LocalisationDude writes "The BBC is reporting that Ireland will be the first country in the world to have their traditional 35mm film projectors replaced with digital projectors. An American company is installing digital projectors in 500 cinemas to replace the traditional film projectors. Cinemas using the technology will be able to download the latest releases to a computer server via satellite at a lower cost."

15 of 282 comments (clear)

  1. Piracy boom? by cypher_soundz · · Score: 5, Funny

    Am i the only one who thinks that piracy quality will increase now?

    1. Re:Piracy boom? by Saven+Marek · · Score: 4, Funny

      > Cinemas using the technology will be able to download the
      > latest releases

      I'm thinking now there'll be 500 notices served on irish cinemas by the RIAA for movie downloading!

    2. Re:Piracy boom? by justforaday · · Score: 5, Informative

      The average person can't tell the difference between 35mm and digital projection.

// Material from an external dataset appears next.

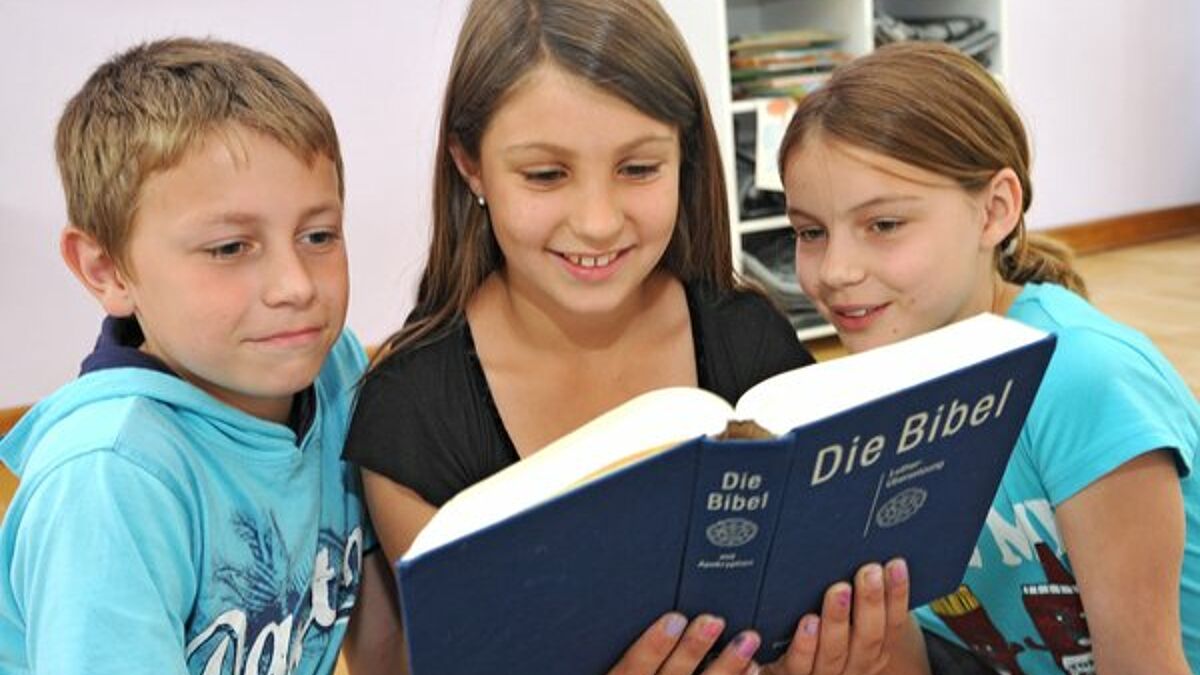 Kindern den Glauben näherzubringen und ein Verständnis von Religion zu fördern ist das Ziel der evangelischen Schulträger der Nordkirche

      You certainly can! For starters, the image doesn't have any scratches or floaters on it. It also doesn't jitter around or flicker like film. Oh, and the colors tend to be considerably brighter. The downside is that when the screen goes totally black, it's actually a very dark grey (more of an illuminated black).

      --
      I'll turn into a supernova and burn up everything. Well I'll turn into a black little hole and you'll turn into string.
  2. In other news... by Zebra_X · · Score: 4, Funny

    Irish cinema operator busted for distribution of l33t 0-day filmz!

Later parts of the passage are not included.